Excerpted data =
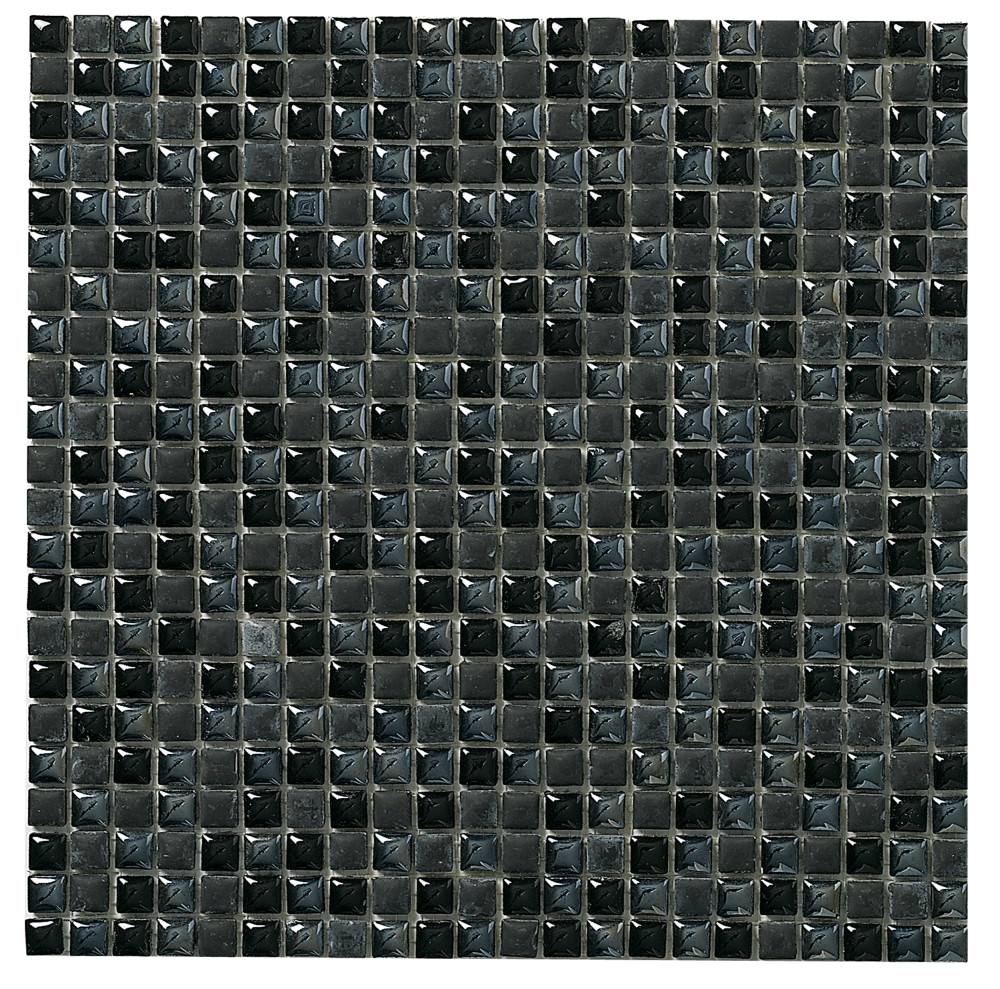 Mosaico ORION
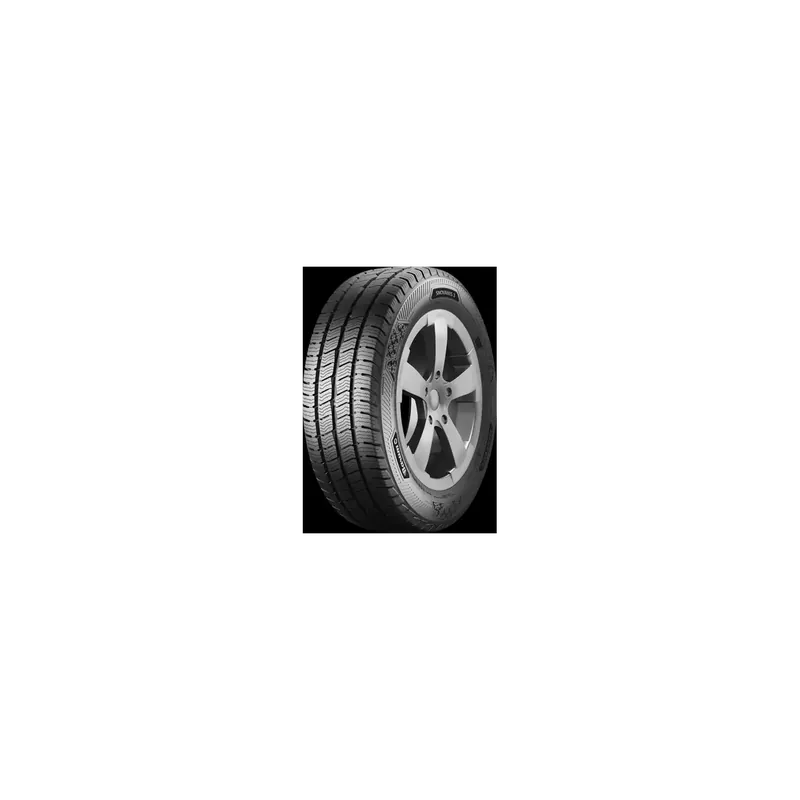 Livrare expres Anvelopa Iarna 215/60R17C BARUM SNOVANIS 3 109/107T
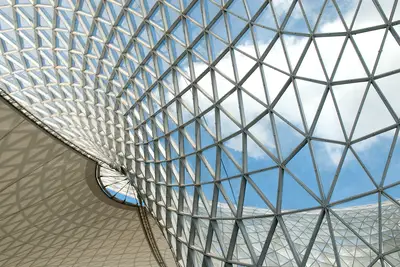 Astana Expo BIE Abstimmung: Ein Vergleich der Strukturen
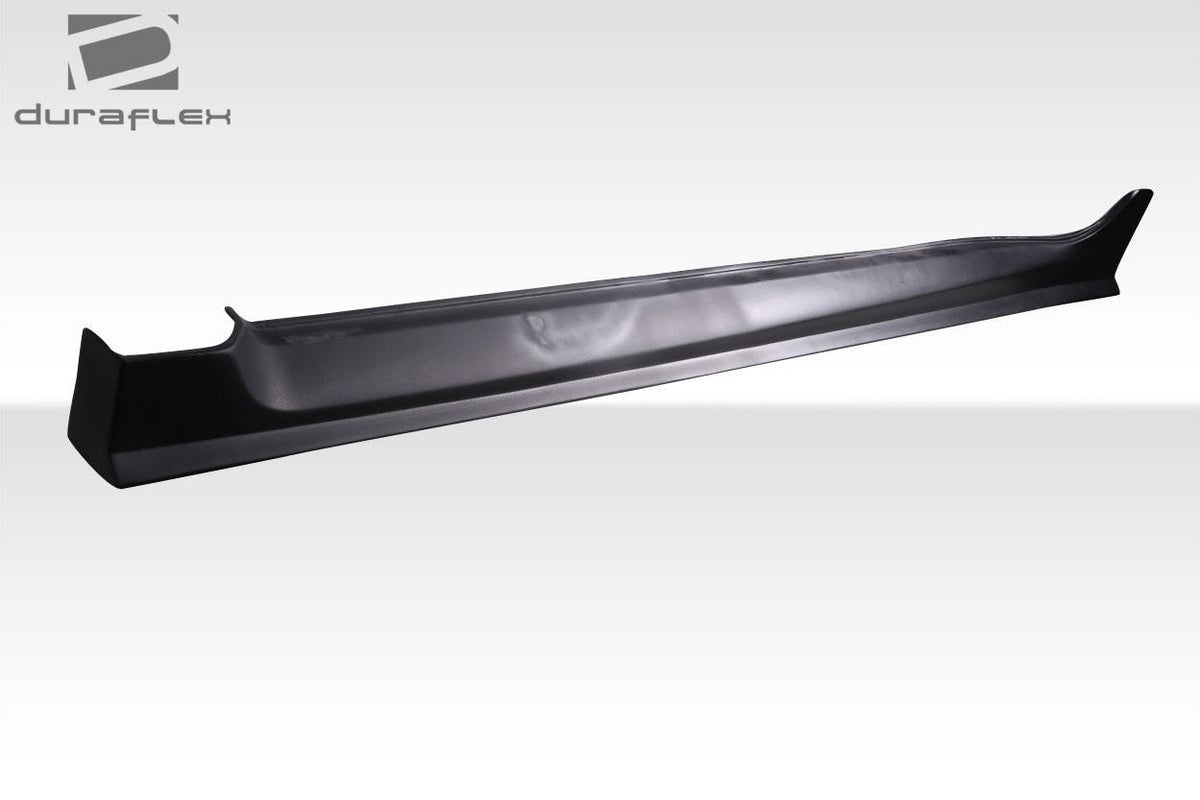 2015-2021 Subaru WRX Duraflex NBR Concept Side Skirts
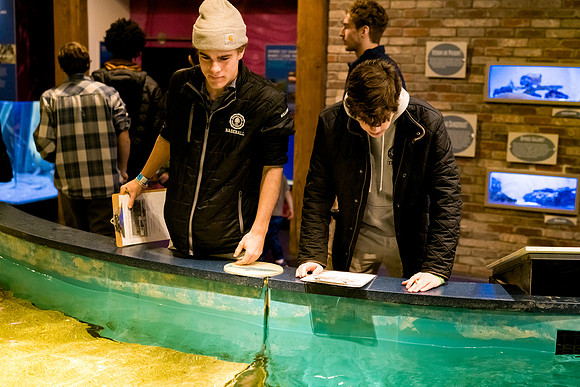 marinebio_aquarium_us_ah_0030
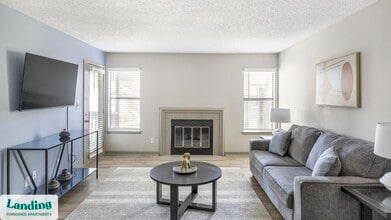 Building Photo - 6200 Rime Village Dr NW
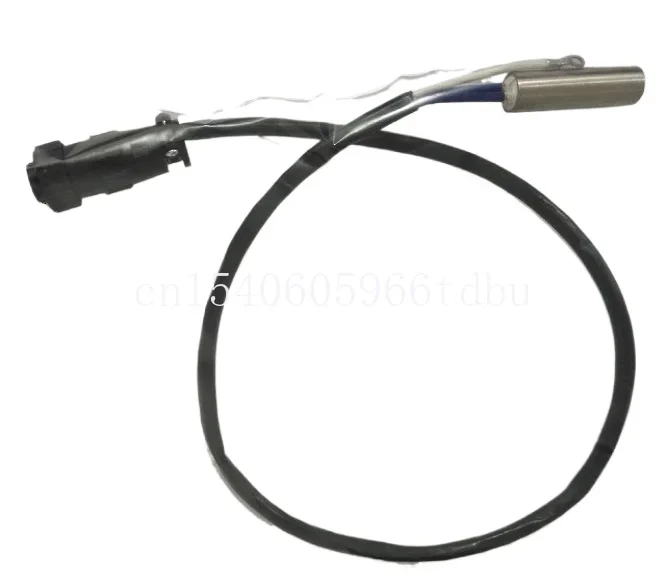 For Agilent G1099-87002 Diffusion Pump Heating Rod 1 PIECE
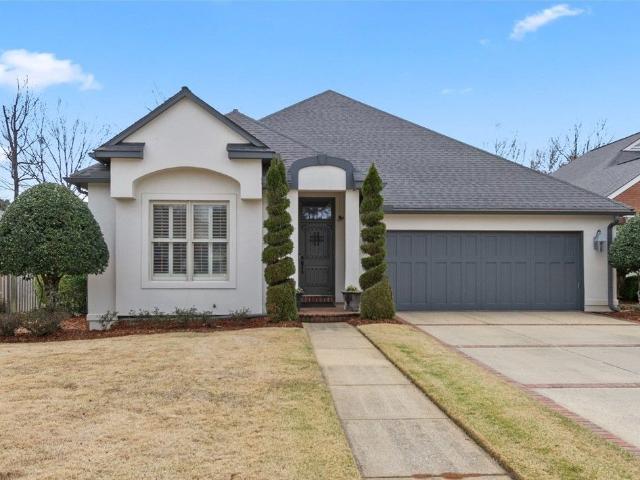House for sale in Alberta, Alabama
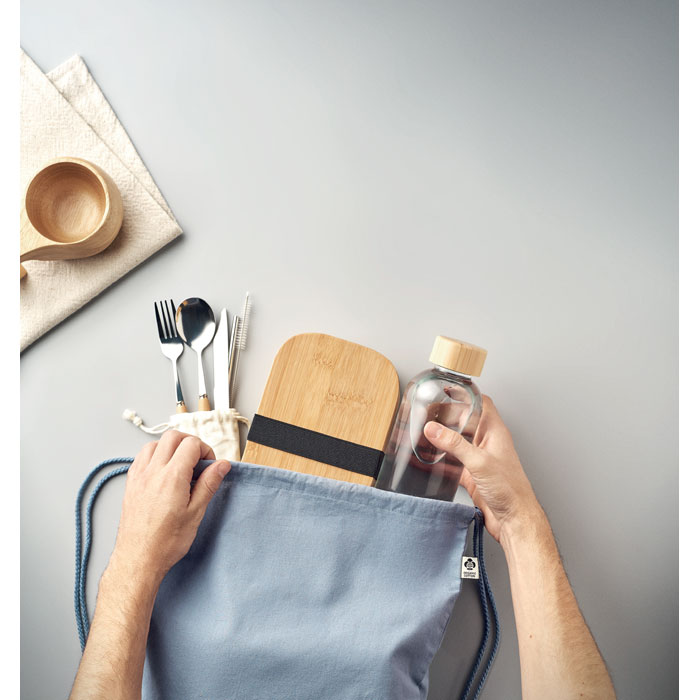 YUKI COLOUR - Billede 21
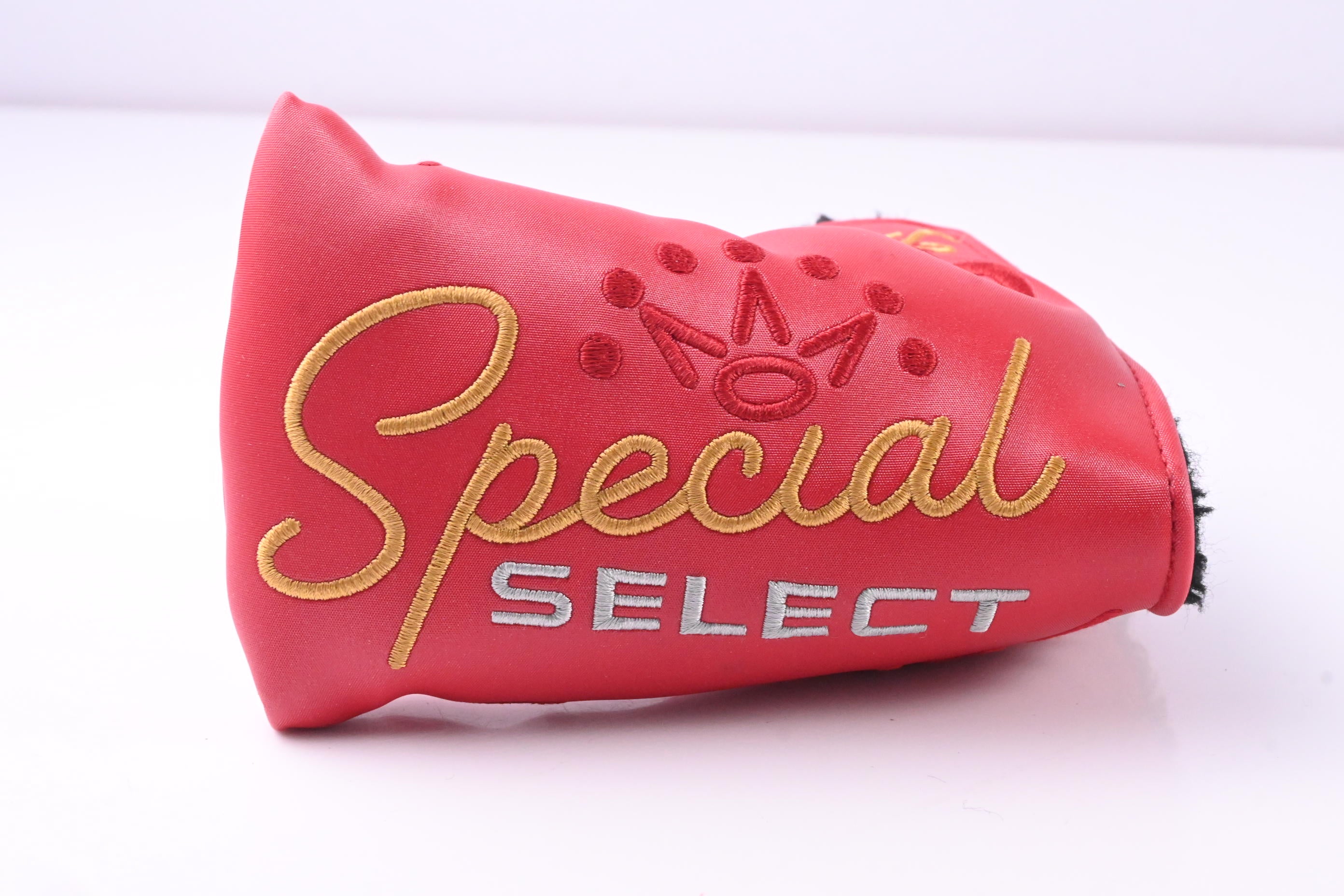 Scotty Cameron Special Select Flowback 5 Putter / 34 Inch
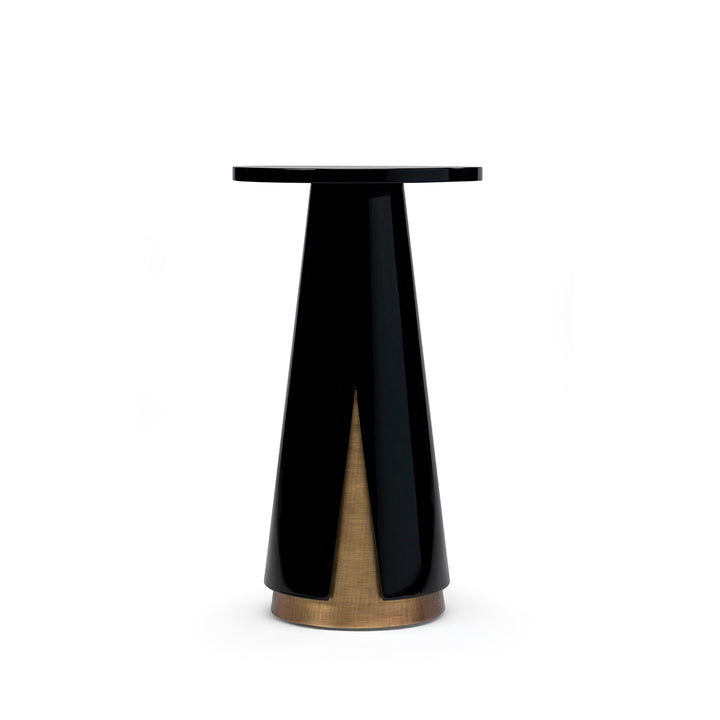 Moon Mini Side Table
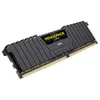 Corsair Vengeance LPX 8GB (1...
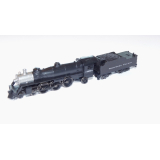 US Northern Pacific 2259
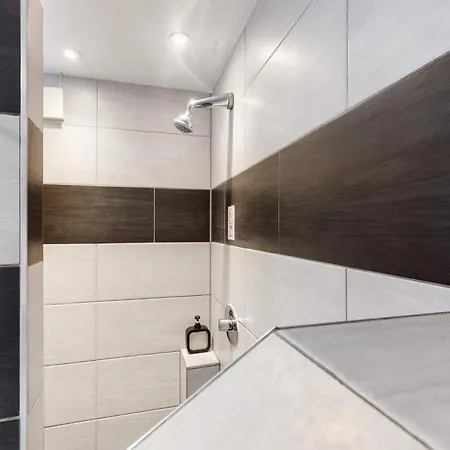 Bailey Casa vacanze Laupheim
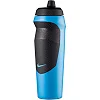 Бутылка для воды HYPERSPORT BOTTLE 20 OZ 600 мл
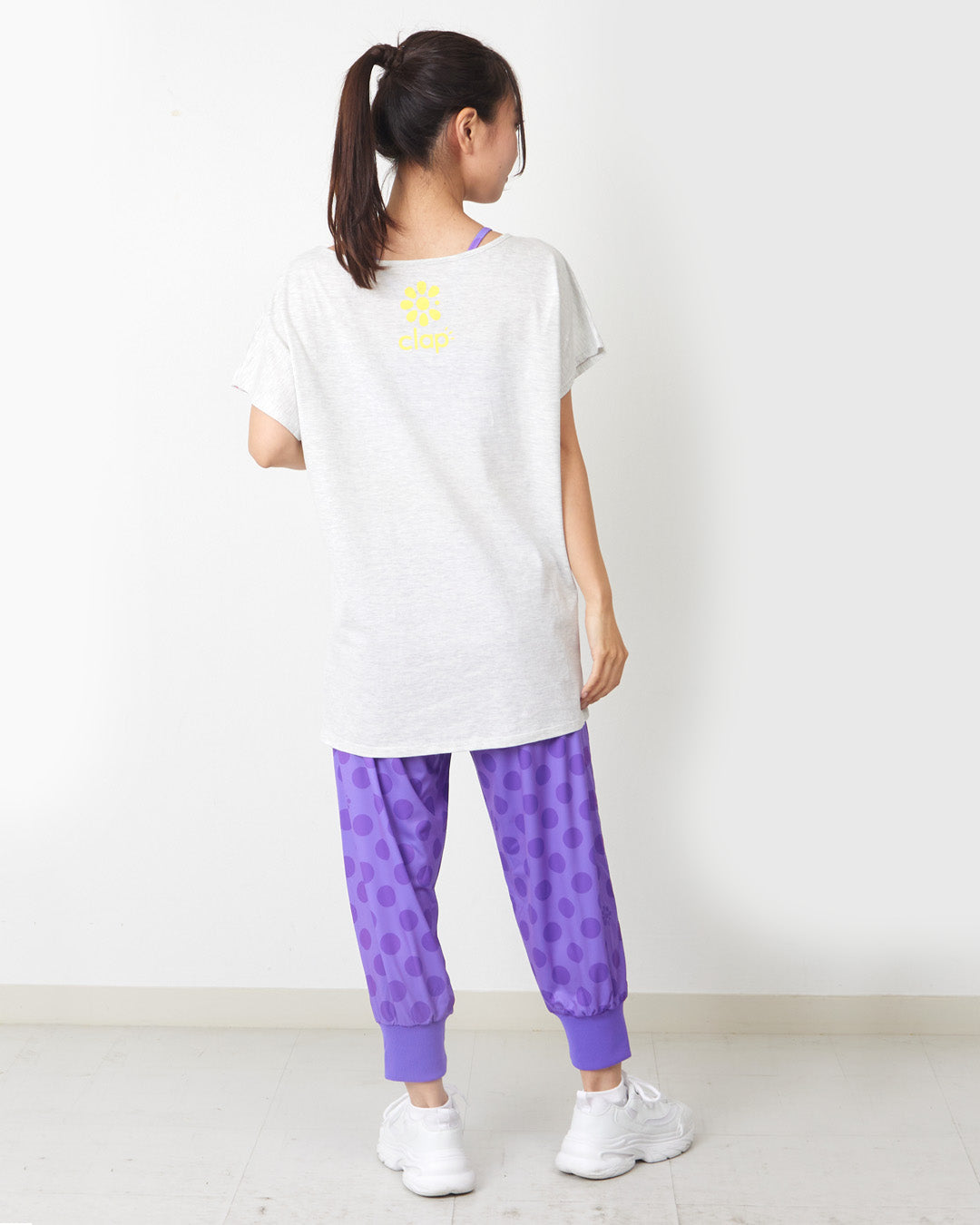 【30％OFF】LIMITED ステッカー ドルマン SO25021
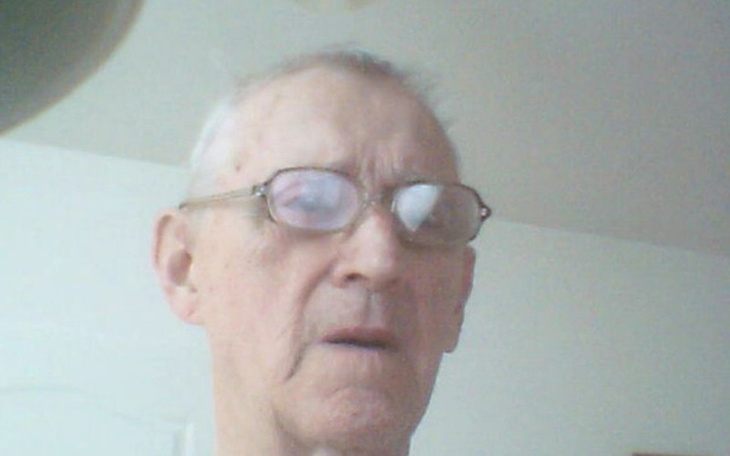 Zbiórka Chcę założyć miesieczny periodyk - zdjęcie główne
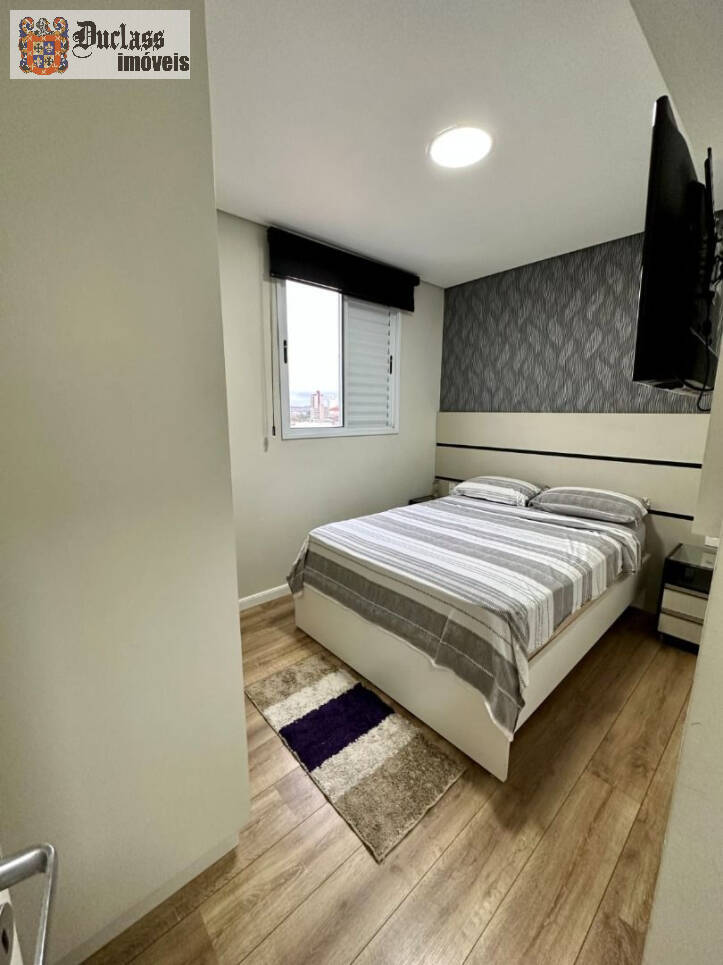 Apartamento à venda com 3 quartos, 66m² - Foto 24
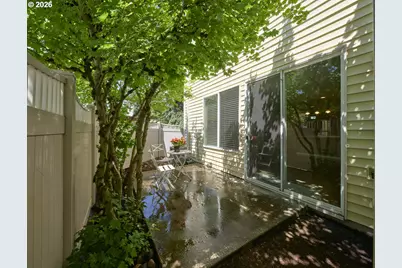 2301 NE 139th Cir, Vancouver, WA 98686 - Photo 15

Exercise instructions =
Go through the listing above and retype it exactly, skipping every picture.

Task solution =
 Mosaico ORION
 Livrare expres Anvelopa Iarna 215/60R17C BARUM SNOVANIS 3 109/107T
 Astana Expo BIE Abstimmung: Ein Vergleich der Strukturen
 2015-2021 Subaru WRX Duraflex NBR Concept Side Skirts
 marinebio_aquarium_us_ah_0030
 Building Photo - 6200 Rime Village Dr NW
 For Agilent G1099-87002 Diffusion Pump Heating Rod 1 PIECE
House for sale in Alberta, Alabama
 YUKI COLOUR - Billede 21
 Scotty Cameron Special Select Flowback 5 Putter / 34 Inch
 Moon Mini Side Table
 Corsair Vengeance LPX 8GB (1...
 US Northern Pacific 2259
 Bailey Casa vacanze Laupheim
 Бутылка для воды HYPERSPORT BOTTLE 20 OZ 600 мл
 【30％OFF】LIMITED ステッカー ドルマン SO25021
 Zbiórka Chcę założyć miesieczny periodyk - zdjęcie główne
 Apartamento à venda com 3 quartos, 66m² - Foto 24
 2301 NE 139th Cir, Vancouver, WA 98686 - Photo 15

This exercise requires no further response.